This is not to imply that there isn't some fine acting to be had in Insurrection. It goes without saying that Patrick Stewart (as Captain Jean-Luc Picard) and Brent Spiner (as Data) are spectacular. They always are. Moreover, the inclusion of the enormously gifted F. Murray Abraham, as Bad Guy #1 (Ru'afo), brings this latest installment of the Star Trek extravaganza up a notch or two.
As with the previous film, Star Trek: First Contact, Jonathan Frakes (better known as first officer Will Riker) assumes the mantle of director. Although Frakes proved himself with First Contact, I still worried if it wasn't going to feel like William Shatner all over again (who deftly proved that he's even worse at directing than he is at acting). My concerns quickly faded, however, Insurrection is a first class film that any Trekkie worth his or her salt should be proud to behold.
The movie's storyline revolves around a grotesque race of aliens named the Son'a who, with the complicity of a Star Fleet admiral (played by Anthony Zerbe), conspires to usurp a paradisiacal planet from the kinder, gentler species, the Ba'ku. (The Son'a look much like Gary Oldman in Francis Ford Coppola's Dracula; the Ba'ku look like TV spokespersons for men's and women's hair-care products.) Jean-Luc, of course, will have none of it, and boldly takes the plot where many Star Trek episodes have gone before. He gives the bad guys a swift kick in their alien behinds while teaching movie-goers everywhere a lesson or two in morality along the way.

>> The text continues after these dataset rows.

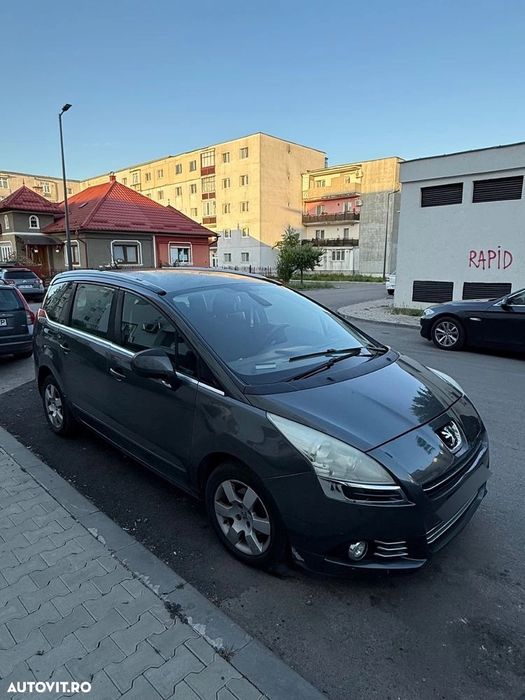 Vand Peugeot 5008 - 2010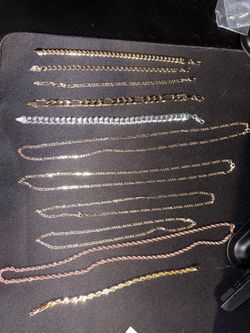 Gold filled jewelry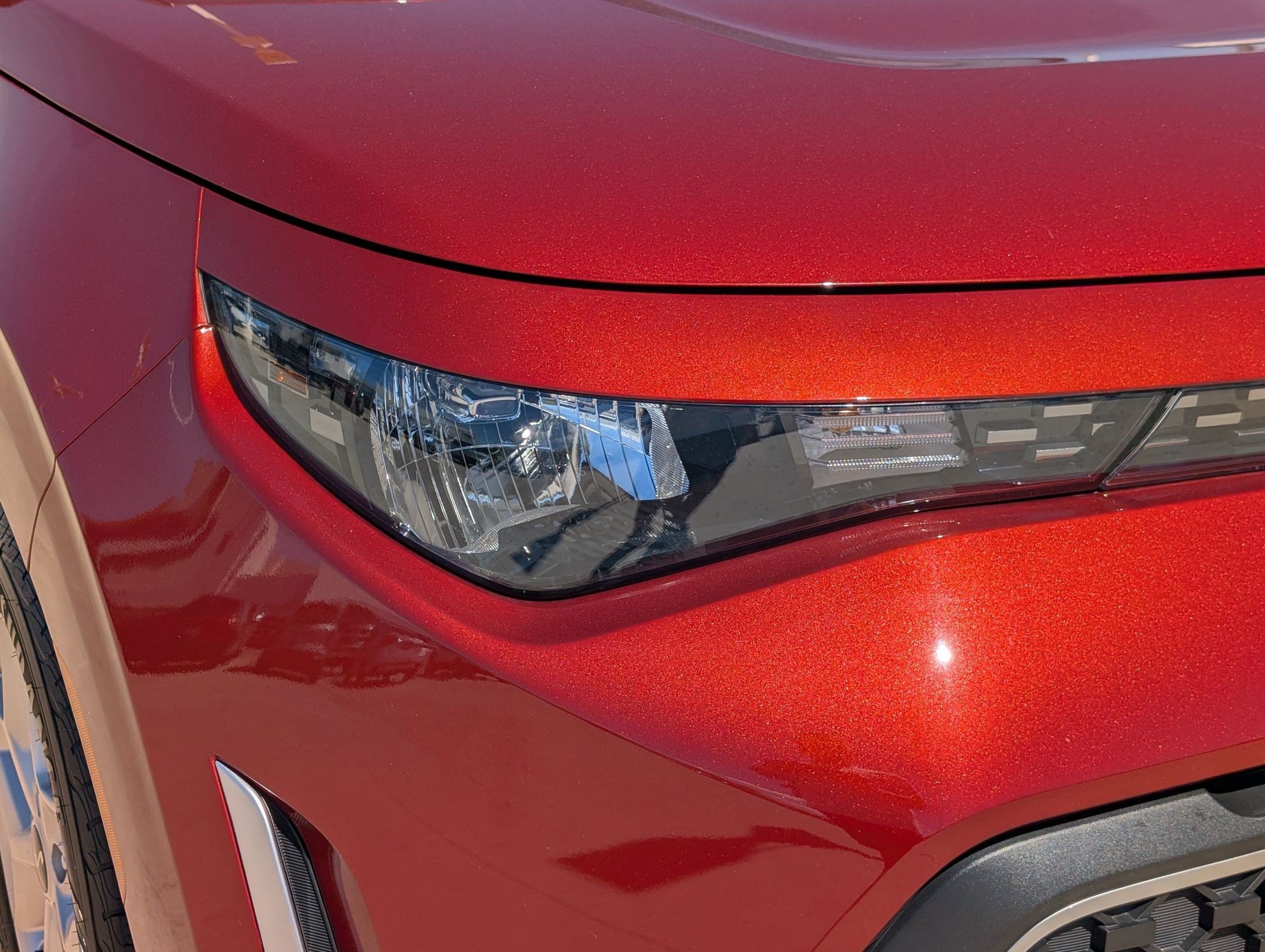 Certified 2023 Kia Soul LX w/ LX Technology Package FWD image 10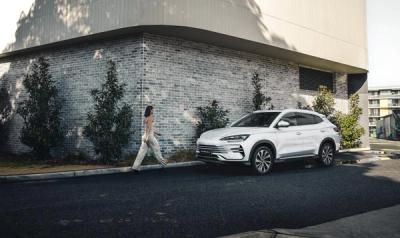 BYD Sealion 6 Driveaway Campaign
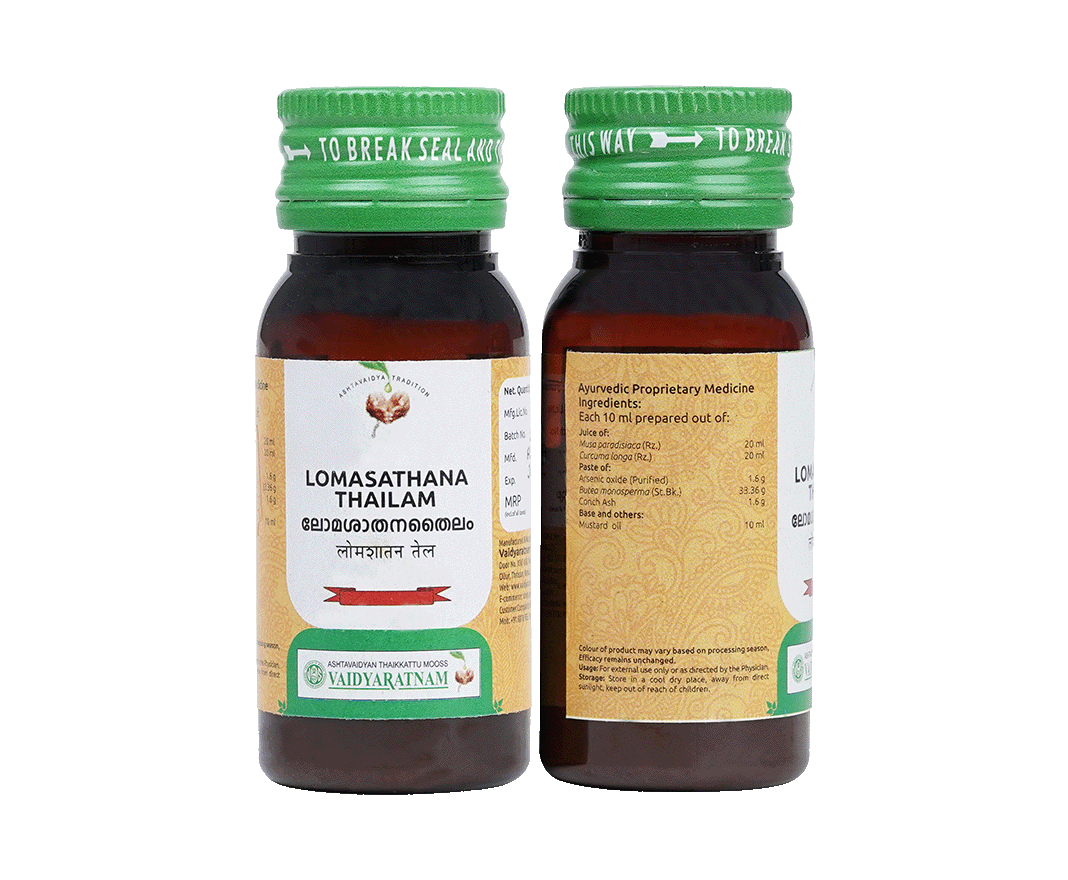 It helps reduce unwanted hair growth, including hirsutism
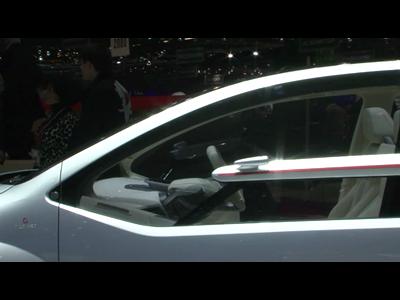 Genève 2011 : Volkswagen Concept Go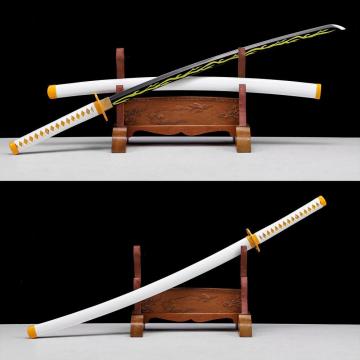 Demon Slayer Kimetsu No Yaiba Giyu Tomioka Costume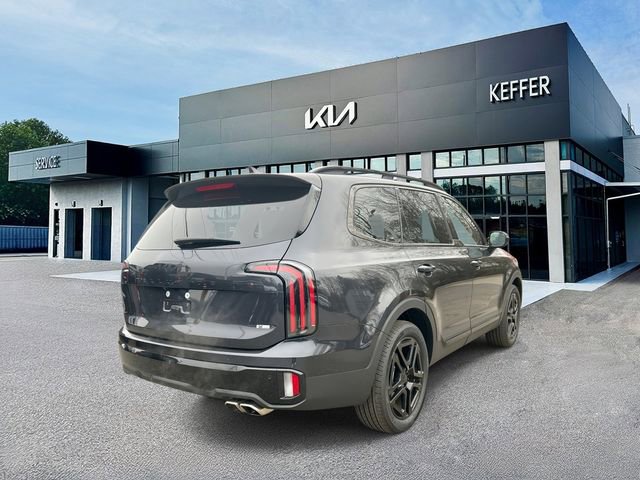 Certified 2025 Kia Telluride SX X-Line image 8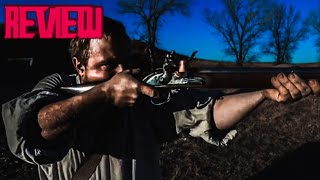 SHOOTING AND REVIEW OF THE MODEL 1777 FRENCH MUSKET FROM Military heritage short version [upl. by Yentruok]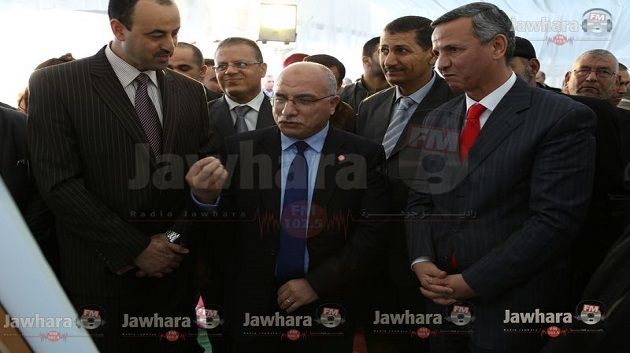 Abdelkarim Harouni inaugure le nouveau siège de la société régionale de transport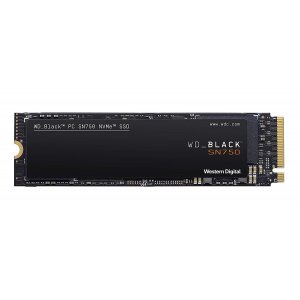 WD Black SN750 NVMe SSD 500 GB um 57,38 € statt 77,08 € – Bestpreis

Though the plot may not be anything new, the execution of Star Trek: Insurrection is well done in every sense of the phrase. There's tons of deftly handled humor (Data, as usual, steals the show here); there's enough suspense to leave a theater-full of popcorn chompers pausing on a kernel or two; there's romance (Jean-Luc falls for a 300 year-old babe who is miraculously better preserved than Cher); and last but not least, as mentioned before, there's enough special effects to either keep you thoroughly entertained or to cause you to experience a mild bout of epilepsy.
Of course, the film contains a few minor inconsistencies. For example, when the away team beams down to the planet's surface, they are stripped of weapons. Only moments later, they miraculously employ their laser guns to fend off some bad guys (must be those ankle holsters I heard about). Furthermore, there's more formula to a Star Trek movie than three generations of American babies could lap up in a century, from the sappy love story within a story to the final scene where Bad Guy #1 dukes it out with Good Guy #1.
Of course, this is Star Trek we're talking about here, the Science Fiction classic where high brow meets low brow, but you don't expect too much from the former. Put simply, Insurrection may be the best Sci-Fi any Earthling is going to witness in the 20th Century. Should you see it? Yes, make it so.